Anne van Kesteren

registerProtocolHandler() & registerContentHandler()

At Mozilla we are looking at making more parts of the web platform pluggable by web applications so I had a look at the current state of registerProtocolHandler() and friends. The goal behind this feature is to make mailto URLs play nice with Yahoo! Mail, Gmail, etc. Or in other words, it makes navigation extensible.

The state of this feature is rather poor. It is only supported by Chromium and Gecko. Chromium also supports unregisterProtocolHandler(). Neither Gecko nor Chromium support isProtocolHandlerRegistered().

Perhaps if we implement the missing methods and improve the user interface around it this will see somewhat wider adoption. However, to make the interface really work we would have to have built-in knowledge about each URL scheme. As users really have no concept of that. Firefox uses “Add title (domain) as an application for scheme links?” which even for mailto is probably confusing. Chrome seems a little better, using “Allow domain to open all type links?” For the mailto scheme it uses email as type.

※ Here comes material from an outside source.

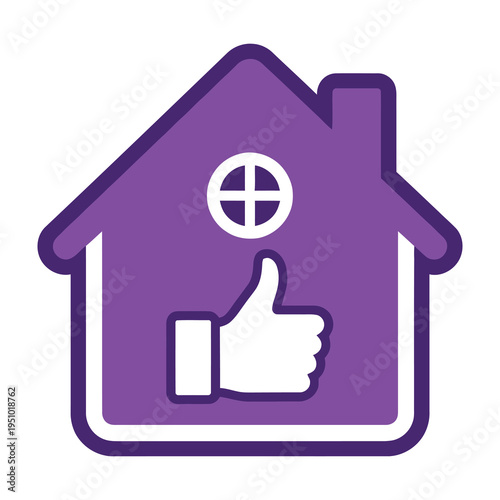 Purple house icon with thumbs up and window symbolizing approval and real estate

(There is also registerContentHandler() which is for making the bit pluggable where your browser has no idea what to do with the resource it just retrieved. This is only supported by Gecko and only for feed-related MIME types.)

If you have any great user interface ideas let me know! I thought I would share the above since I could not find a decent summary anywhere else.

DOM: attributes sadness

I have been reinstating “features” related to attribute handling in DOM. We thought we could get rid of them, but usage counters from Chrome and compatibility data from Gecko showed we could not. This is very sad so I thought I would share the pain.

A simple design for attributes would consist of each having a name and a value (both strings) and a simple map-like API on every element would be sufficient to deal with them. The getAttribute(name), setAttribute(name, value), and removeAttribute(name) methods. As well as a way to iterate through the names and values.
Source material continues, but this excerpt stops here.